Gladwell, in the foreword to that bestseller, expands on the notion that Simmons "is exactly like you or me," calling him not just a fan but "an obsessive fan, in the best sense of the word." I don't know whether it's the best sense, but the "obsessive" part is certainly on target. A lot of people writing a book about basketball might do a chapter on their all-time starting five, or even a full twelve-man team — fifteen if you throw in injured reserve. Simmons writes up his entire personal Hall of Fame, counting down from #96 (Tom Chambers) to #1 (Chuck Nevitt), over the course of 339 pages, which is still less than half the book. He's also the sort of guy who then treats the list that he pulled out of his ass as if it were the product of some kind of mathematical formula. Here's what he said about Kobe Bryant a couple of months ago: "In my book, I had him ranked No. 15 as a Level Four guy. Last season's title moved him to Level Five; I thought he'd move into the top eight if the Lakers made the Finals again. Which they did. But if they win again? Now we have to talk about Duncan's No. 7 spot." As Slate blogger Tom Scocca put it, "Bill Simmons says that Kobe is so successful, Bill Simmons will have to reconsider the place where Bill Simmons has put Kobe in basketball history." That said... for someone who, among other things, reranks his 100 favorite songs at least once a year, there was more than a twinge of recognition there.

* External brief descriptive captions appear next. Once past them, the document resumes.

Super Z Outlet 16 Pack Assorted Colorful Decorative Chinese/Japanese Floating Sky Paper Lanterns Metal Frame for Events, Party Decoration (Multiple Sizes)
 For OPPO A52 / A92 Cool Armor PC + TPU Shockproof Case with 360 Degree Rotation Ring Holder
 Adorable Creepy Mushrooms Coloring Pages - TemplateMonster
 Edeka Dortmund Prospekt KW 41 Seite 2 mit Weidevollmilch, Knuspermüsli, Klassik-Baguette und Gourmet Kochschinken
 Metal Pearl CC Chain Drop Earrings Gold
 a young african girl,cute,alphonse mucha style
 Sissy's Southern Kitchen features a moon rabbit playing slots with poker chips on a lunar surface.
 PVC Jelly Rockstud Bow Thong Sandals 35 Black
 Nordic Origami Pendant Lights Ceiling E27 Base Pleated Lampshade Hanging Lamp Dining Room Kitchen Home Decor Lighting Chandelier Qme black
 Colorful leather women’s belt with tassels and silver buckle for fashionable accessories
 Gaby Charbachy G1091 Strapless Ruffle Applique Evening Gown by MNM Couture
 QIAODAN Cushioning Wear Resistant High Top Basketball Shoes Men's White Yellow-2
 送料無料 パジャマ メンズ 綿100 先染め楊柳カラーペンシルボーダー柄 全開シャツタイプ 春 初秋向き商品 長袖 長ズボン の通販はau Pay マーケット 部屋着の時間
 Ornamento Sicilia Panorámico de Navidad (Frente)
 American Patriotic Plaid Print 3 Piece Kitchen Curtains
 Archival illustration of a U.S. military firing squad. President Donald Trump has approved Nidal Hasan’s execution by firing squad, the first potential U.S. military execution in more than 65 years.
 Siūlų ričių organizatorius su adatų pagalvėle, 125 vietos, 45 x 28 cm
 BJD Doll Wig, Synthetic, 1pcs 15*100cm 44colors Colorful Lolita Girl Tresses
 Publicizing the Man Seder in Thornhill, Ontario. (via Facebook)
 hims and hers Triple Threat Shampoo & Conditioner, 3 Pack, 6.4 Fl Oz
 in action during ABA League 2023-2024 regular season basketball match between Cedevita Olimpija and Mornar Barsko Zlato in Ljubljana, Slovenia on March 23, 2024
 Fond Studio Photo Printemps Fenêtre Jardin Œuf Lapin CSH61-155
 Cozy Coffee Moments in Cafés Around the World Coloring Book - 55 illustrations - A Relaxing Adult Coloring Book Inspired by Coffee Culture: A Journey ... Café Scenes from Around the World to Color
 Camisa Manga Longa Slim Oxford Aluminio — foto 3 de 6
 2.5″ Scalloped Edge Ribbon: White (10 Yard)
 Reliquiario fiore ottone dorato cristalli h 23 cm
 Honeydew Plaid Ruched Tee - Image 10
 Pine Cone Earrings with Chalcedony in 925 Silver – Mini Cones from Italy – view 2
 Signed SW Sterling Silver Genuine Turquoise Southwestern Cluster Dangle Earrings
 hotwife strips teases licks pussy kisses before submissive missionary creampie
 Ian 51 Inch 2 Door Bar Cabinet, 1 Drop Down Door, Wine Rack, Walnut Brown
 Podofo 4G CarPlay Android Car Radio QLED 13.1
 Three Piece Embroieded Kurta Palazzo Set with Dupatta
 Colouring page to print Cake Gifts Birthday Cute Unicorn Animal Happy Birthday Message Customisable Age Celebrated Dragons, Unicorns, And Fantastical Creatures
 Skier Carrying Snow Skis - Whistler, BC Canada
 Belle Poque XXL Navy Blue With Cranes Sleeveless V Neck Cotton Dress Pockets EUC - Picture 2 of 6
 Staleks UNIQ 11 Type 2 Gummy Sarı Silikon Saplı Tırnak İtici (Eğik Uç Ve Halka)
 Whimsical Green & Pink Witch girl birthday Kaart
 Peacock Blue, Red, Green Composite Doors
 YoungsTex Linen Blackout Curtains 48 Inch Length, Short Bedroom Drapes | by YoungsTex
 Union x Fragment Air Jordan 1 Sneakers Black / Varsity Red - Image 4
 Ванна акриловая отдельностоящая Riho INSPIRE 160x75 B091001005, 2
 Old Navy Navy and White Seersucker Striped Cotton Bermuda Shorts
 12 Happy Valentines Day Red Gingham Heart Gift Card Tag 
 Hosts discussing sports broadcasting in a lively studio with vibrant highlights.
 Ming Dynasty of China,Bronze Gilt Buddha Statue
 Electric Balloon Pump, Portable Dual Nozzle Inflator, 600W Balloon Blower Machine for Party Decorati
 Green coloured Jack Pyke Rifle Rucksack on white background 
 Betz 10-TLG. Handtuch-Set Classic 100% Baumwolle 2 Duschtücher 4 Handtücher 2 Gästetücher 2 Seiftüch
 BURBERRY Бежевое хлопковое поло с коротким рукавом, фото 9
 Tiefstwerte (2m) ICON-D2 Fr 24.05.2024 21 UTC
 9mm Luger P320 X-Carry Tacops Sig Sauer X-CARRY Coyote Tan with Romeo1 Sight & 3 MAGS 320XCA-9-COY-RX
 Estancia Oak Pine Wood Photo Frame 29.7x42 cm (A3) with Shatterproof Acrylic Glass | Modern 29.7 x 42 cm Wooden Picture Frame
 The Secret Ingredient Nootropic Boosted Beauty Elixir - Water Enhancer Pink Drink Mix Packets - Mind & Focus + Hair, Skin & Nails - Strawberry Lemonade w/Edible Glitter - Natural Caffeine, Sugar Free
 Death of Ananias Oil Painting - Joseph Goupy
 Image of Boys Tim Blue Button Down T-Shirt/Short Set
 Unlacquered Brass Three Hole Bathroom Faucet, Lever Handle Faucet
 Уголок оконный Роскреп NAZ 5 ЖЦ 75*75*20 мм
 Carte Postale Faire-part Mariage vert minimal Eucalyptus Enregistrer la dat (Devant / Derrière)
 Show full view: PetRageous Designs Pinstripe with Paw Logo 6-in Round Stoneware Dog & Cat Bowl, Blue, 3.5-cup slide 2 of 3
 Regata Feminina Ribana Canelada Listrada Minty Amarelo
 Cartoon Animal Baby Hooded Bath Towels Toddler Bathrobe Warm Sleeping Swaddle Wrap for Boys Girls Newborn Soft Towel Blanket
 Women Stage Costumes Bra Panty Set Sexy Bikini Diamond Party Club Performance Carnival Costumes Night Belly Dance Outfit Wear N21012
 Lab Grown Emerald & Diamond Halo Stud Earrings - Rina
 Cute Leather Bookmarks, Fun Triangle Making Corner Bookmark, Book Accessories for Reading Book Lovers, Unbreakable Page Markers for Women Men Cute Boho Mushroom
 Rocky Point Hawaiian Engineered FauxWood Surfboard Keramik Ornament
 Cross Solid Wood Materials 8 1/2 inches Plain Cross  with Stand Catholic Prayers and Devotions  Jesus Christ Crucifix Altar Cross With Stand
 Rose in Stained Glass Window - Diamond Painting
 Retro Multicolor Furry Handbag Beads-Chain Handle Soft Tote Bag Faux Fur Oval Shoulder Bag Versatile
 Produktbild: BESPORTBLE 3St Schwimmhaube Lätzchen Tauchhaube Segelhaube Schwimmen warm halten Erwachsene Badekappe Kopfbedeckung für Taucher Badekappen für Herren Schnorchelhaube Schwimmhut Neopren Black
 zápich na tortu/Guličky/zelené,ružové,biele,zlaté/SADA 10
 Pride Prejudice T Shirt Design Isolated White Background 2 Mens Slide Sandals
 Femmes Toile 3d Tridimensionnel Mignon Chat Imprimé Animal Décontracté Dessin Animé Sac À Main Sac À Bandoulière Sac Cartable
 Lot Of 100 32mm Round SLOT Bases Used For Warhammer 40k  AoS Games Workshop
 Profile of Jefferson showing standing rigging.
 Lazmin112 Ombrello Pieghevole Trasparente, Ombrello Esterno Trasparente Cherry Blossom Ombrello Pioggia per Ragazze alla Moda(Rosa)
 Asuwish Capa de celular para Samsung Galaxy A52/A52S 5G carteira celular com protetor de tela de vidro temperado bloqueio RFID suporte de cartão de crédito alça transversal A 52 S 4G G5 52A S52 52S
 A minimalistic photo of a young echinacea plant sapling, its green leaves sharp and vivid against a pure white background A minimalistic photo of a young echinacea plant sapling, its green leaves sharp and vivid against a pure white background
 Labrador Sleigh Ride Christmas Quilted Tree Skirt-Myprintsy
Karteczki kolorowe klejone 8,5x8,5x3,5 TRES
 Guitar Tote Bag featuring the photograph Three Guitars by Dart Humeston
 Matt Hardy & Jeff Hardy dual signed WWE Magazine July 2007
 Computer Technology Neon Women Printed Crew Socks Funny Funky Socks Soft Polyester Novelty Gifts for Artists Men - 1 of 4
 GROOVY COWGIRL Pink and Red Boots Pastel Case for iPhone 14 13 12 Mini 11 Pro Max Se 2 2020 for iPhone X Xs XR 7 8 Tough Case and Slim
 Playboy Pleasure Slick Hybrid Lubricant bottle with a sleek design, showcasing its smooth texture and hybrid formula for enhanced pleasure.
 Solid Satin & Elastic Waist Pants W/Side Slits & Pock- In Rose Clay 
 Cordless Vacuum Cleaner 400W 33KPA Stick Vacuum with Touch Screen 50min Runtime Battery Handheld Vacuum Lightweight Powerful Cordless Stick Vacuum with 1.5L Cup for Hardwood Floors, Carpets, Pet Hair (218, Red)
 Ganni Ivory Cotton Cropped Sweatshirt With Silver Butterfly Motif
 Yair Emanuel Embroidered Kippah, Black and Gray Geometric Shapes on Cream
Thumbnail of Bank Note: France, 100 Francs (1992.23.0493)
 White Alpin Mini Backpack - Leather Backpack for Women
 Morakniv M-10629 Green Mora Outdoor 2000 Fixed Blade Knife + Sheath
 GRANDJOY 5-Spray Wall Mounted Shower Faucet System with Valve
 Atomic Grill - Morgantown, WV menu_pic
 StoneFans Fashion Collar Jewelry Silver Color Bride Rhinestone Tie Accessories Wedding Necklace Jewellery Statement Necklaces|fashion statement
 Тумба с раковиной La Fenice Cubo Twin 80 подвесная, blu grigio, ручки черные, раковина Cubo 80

I could also relate to the specifically NBA-related geekery on display. I can't say that I'm a huge fan of pro basketball, but kind of by accident I happen to know a lot about it; it was the sport that my parents occasionally watched and which my brothers and I then picked up. There are things I hate about it — above all else, the fact that fouling is such an integral part of the game. Breaking the rules should never be advantageous! On a related note, I hate how the referees play such a major role: because multiple fouls could be called on just about every play, what the refs choose to call and choose not to call has as much impact on the game as what the players do. But there are also things I like about it. I like that on any given possession the offense and defense are about equally likely to be successful, rather than the offense needing to have 99 things go right to get a score and the defense only needing one thing to go right in order to prevent one. I like that at every moment a team is padding its lead or losing it, catching up or falling behind, unlike the sports that amount to two hours of anxiety about whether this will be the one moment in the match that a sudden chaotic burst of activity will actually affect the scoreboard. I like that basketball games often come down to a single set piece in which players scramble for the most advantageous positions on the floor and then one of them takes an all-or-nothing shot — even though I know it's easier, I find making a buzzer-beater a much more impressive way to win a game than hitting a home run, throwing a touchdown, or eluding a goalkeeper. And what I like most, much more than the sport itself, is the fact that a basketball team is small enough — fifteen people, twelve of whom are allowed to play, eight to ten of whom actually do play, and five of whom play at a time — that constructing one is an interesting inventory puzzle. You're not fielding an army, like in football, or adding new talent by signing thousands of Little Leaguers and hoping that a few of them make it out of the minors, like in baseball. Draft picks, trades, and free agent signings take on more weight in the NBA than in other sports leagues, and there's a clear narrative to the rise and fall of the various teams from one season to the next.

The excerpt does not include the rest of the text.